Ashbrook v. Willis

100 S.W.2d 943 | Mo. Ct. App. | 1937

This is an action for damages arising out of an automobile collision in the intersection of Valley Road and 63rd Streets in Kansas City, Missouri.

The plaintiff alleges that when he was in the intersection of Valley Road and 63rd Street and proceeding westwardly on 63rd Street, the defendant's servant, while driving defendant's automobile truck on Valley Road in a northern direction, so carelessly and negligently operated said automobile truck as to cause same to come into violent collision with plaintiff, permanently injuring him.

Plaintiff sued in two counts, the first count for personal injuries in the sum of $10,000 and in the second count for damages to his car in sum of $1056.30, all alleged as direct result of aforesaid negligence of defendant.

The defendant answered as to both counts by a general denial and plea of contributory negligence.

The defendant further pleading by way of counterclaim alleges, that at said time and place the plaintiff so negligently and carelessly operated his automobile as to thereby cause same to come into violent collision with defendant's car and thereby directly cause the collision.

Defendant further alleges that directly due to plaintiff's negligence aforesaid, he was caused property damage in the total amount of $2733 for which he prays judgment.

Plaintiff filed reply of general denial as to defendant's answer and counterclaim.

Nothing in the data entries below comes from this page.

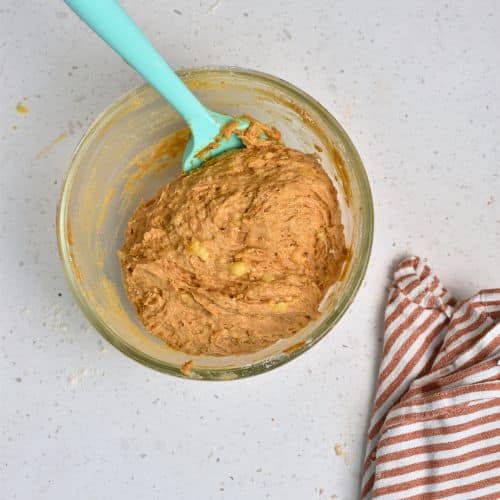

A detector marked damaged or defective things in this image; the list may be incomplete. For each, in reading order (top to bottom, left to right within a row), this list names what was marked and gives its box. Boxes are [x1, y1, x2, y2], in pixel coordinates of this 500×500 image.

rust striped linen napkin [360, 256, 500, 498]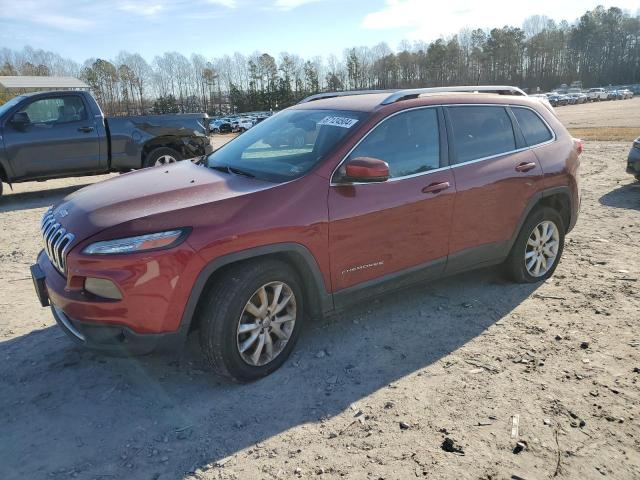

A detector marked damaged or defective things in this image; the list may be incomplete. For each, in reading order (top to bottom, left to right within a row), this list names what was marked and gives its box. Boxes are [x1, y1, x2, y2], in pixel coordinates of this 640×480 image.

damaged vehicle in background [0, 91, 212, 196]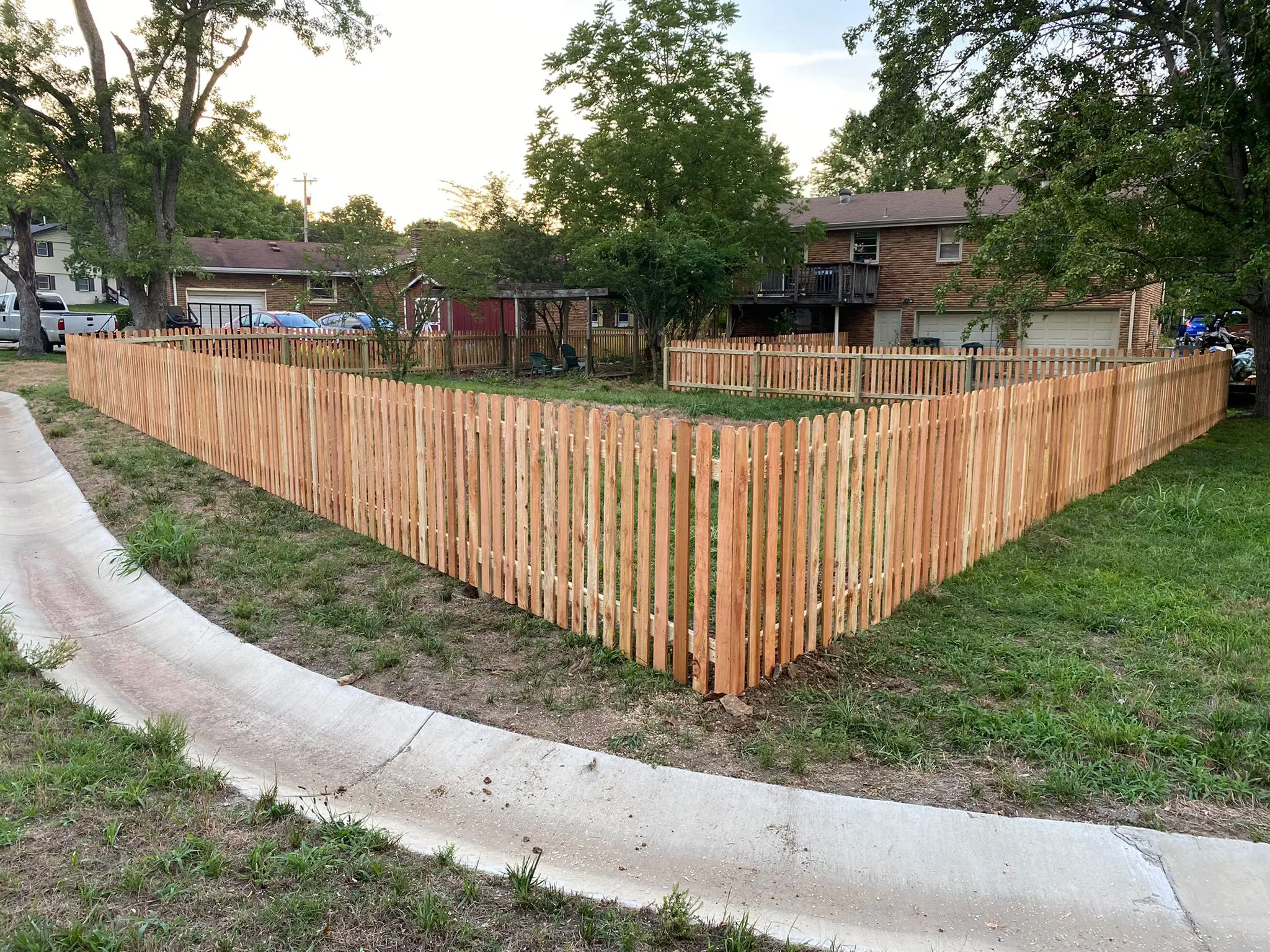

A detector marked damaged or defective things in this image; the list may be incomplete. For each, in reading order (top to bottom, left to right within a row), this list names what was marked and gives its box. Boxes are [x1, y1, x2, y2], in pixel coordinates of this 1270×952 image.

crack in concrete [1112, 827, 1209, 952]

Trial was by jury resulting in a verdict for plaintiff for $500 damages for personal injuries and a verdict for $500 for defendant on his counterclaim.

Judgment was entered in accordance with the verdict of the jury and plaintiff filed motion for new trial.

The trial court granted a new trial on the following expressed reason, to-wit: "Plaintiff's motion for a new trial sustained because of error in giving defendant's instruction No. 5, and excepted to by defendant."

The defendant appealed from the order granting a new trial and as the amount of damage alleged to have been sustained by plaintiff and for which he asked judgment exceeded the amount of $7500 the appeal was granted to the Supreme Court of Missouri.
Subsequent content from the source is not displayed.